Adaptive Manifold Clustering

TL;DR

This paper advances understanding of the Adaptive Weights Clustering method, combining adaptive clustering and manifold learning to effectively analyze high-dimensional data with complex, unbalanced clusters, supported by theoretical insights and experiments.

Contribution

It provides a theoretical analysis of AWC's efficiency in high dimensions, leveraging manifold assumptions to improve clustering performance and parameter tuning.

Findings

AWC performs well on high-dimensional data with complex cluster shapes.

Theoretical bounds depend on the intrinsic manifold dimension.

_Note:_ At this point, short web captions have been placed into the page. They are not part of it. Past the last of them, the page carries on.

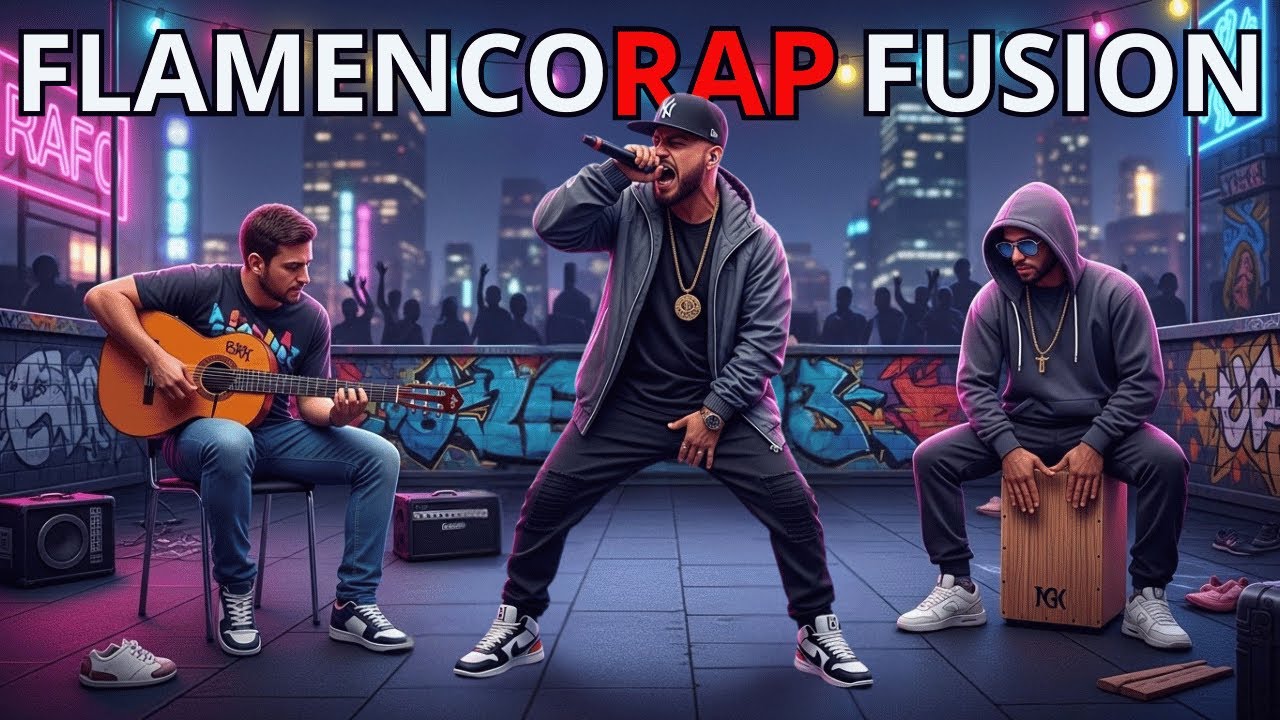 FLAMENCORAP FUSION Vol. 5 | Rooftop Rap Vibes x Spanish Guitar | Hyper-Realistic Urban Scene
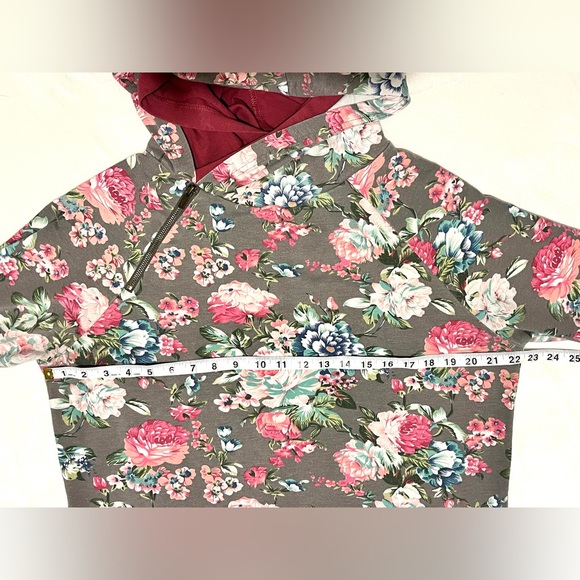 Ampersand Ave Women’s DoubleHood Sweatshirt Floral Hoodie with Pockets Size XXL - Picture 10 of 16
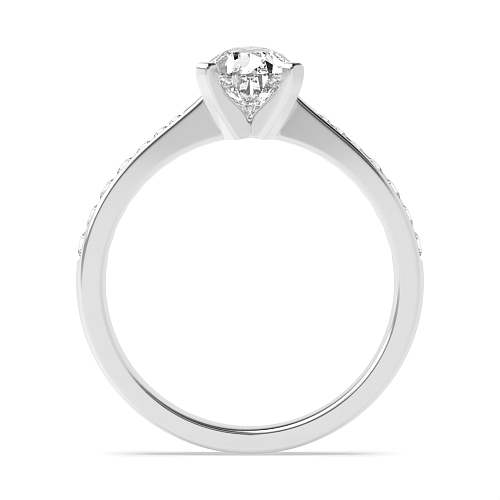 Prong Pear Classic tapered shank Engagement Rings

Numerical experiments validate the approach's effectiveness.

Abstract

Clustering methods seek to partition data such that elements are more similar to elements in the same cluster than to elements in different clusters. The main challenge in this task is the lack of a unified definition of a cluster, especially for high dimensional data. Different methods and approaches have been proposed to address this problem. This paper continues the study originated by Efimov, Adamyan and Spokoiny (2019) where a novel approach to adaptive nonparametric clustering called Adaptive Weights Clustering (AWC) was offered. The method allows analyzing high-dimensional data with an unknown number of unbalanced clusters of arbitrary shape under very weak modeling assumptions. The procedure demonstrates a state-of-the-art performance and is very efficient even for large data dimension D. However, the theoretical study in Efimov, Adamyan and Spokoiny (2019) is very limited and did not really address the question of efficiency. This paper makes a significant step in understanding the remarkable performance of the AWC procedure, particularly in high dimension. The approach is based on combining the ideas of adaptive clustering and manifold learning. The manifold hypothesis means that high dimensional data can be well approximated by a d-dimensional manifold for small d helping to overcome the curse of dimensionality problem and to get sharp bounds on the cluster separation which only depend on the intrinsic dimension d. We also address the problem of parameter tuning. Our general theoretical results are illustrated by some numerical experiments.